Elfyn Evans has stormed into the lead of Rally Estonia with a sensational time on a dry, first forest stage of the event.
Six cars were spread by less than a second after Thursday evening’s Tartu superspecial, but gaps began to widen on SS2 Peipisääre – the opening stage of Friday and the longest test of the entire weekend.
Evans headed onto the stage third overall, two tenths down on overnight leader Craig Breen, but exited as the new rally leader, shading home hero Ott Tänak.
Tänak had set the early pace on, beating road sweeper Kalle Rovanperä by 3.9 seconds, and therefore looked good for his first stage win of the weekend.
But then Evans came along, smashing Tänak’s effort by four seconds to vault into the rally lead – despite feeling “not fully relaxed yet”.
“Actually it wasn’t such a nice feeling, to be honest,” he said. “It was OK at points but not fully comfortable let’s say.”
For his part, Tänak did feel like his Hyundai lost some power towards the end of the stage, which may have explained why he shipped a couple of seconds in the last split.
“The car I felt at the beginning quite OK and then lacking a bit of power, maybe the front grille was closed or something,” he said. “Otherwise, quite OK run.”
Despite rain not arriving overnight to make his job easier at the head of the running order, championship leader Rovanperä managed to punch in the third fastest time to lie 7.8s down on his rally-leading team-mate.

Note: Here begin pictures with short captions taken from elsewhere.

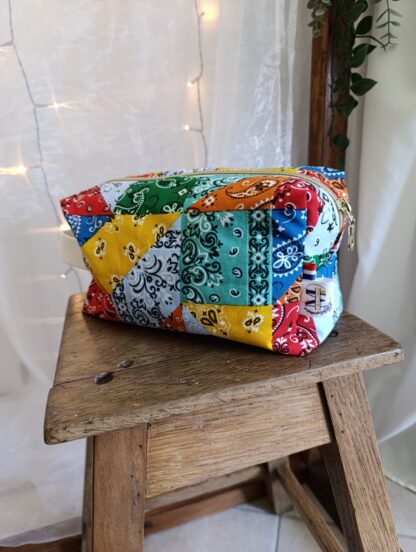 Trousse de toilette Bandana – Image 3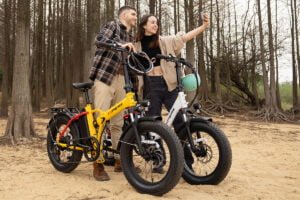 Advantages of Folding Electric Bikes,Easy Transportation,Environmentally Friendly,Electric Bikes,HiPeak Folding Electric Bikes,vnmaths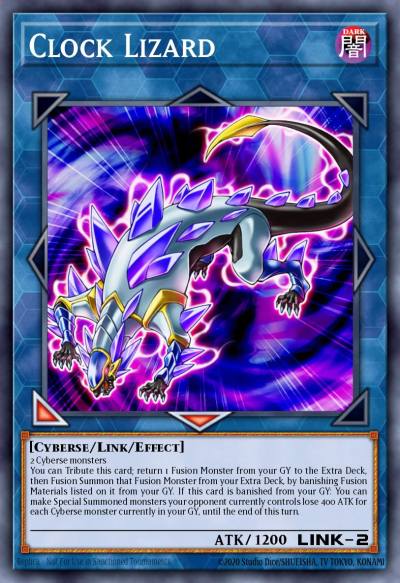 Clock Lizard Common SAST-EN047 Savage Strike Yugioh card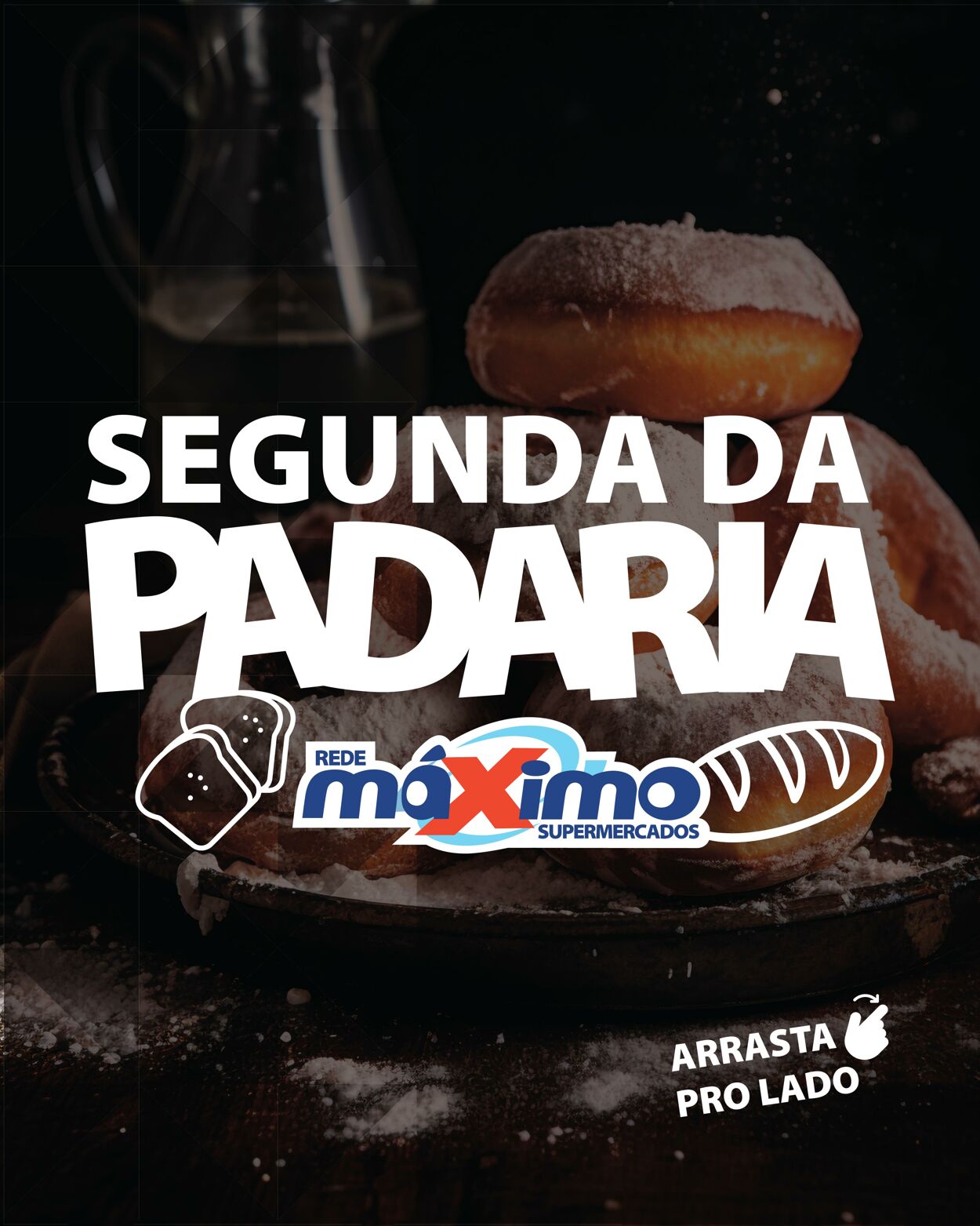 Folheto Supermercado Máximo 04.08.2025 - 04.08.2025
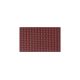 4. Wau 2 NW44 mesh office chair deepred/white
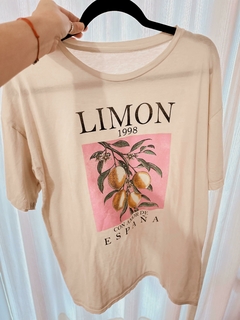Remerón Limón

But he did confess he was “lucky” as he “hit one rock quite hard” during Peipisääre.
Breen’s M-Sport Ford Puma Rally1 is the only other car within 10s of the rally lead, sitting 8.3s down on Evans after SS2.
“[I’m] just happy to get one run over a stage,” Breen said. “Car feels great I have to say, I’m confident with it so good to get it like that.”
Just two stages into the rally, Thierry Neuville is already occupying a space of no man’s land in fifth overall, six seconds behind Breen by 4.8s ahead of Toyota’s Esapekka Lappi.
Lappi was an expected frontrunner in Estonia this weekend but he dropped 18.6s to stage winner Evans in equal machinery as he struggled to find a feeling with his brakes.
“I’m missing the braking bite completely,” he said. “The surface is OK but something strange with the pads, it just feels it doesn’t bite when I touch the pedal so it’s taking the confidence [away].”
Oliver Solberg was good for the seventh fastest time to assume the same position overall, struggling to find a decent rhythm on a stage that was brand-new to him.
“It’s very difficult, this stage is crazy!” he said.
Takamoto Katsuta was also surprisingly slow in his Toyota Next Generation-entered Yaris, dropping over half a minute on SS2.
Katsuta, who has never finished Rally Estonia in three previous attempts, crashed on Thursday’s shakedown and had not previously contested the Peipisääre stage either, retiring from the rally before it ran last year.
“Let’s say I was way too careful but I didn’t drive this stage last year, so I needed to see how it was going,” Katsuta said.
“I needed patience, but as soon as I get that good feeling I will go push.”
Katsuta is down to 11th overall as a result of caution, trailing a trio of Pumas.
Adrien Fourmaux leads that pack, 0.3s ahead of Pierre-Louis Loubet who is, in turn, just 0.8s clear of Gus Greensmith who was disappointed with his effort.
“I never found a good rhythm and my braking points were in the wrong place so it wasn’t very good, to be honest,” Greensmith rued. “Not a good start.”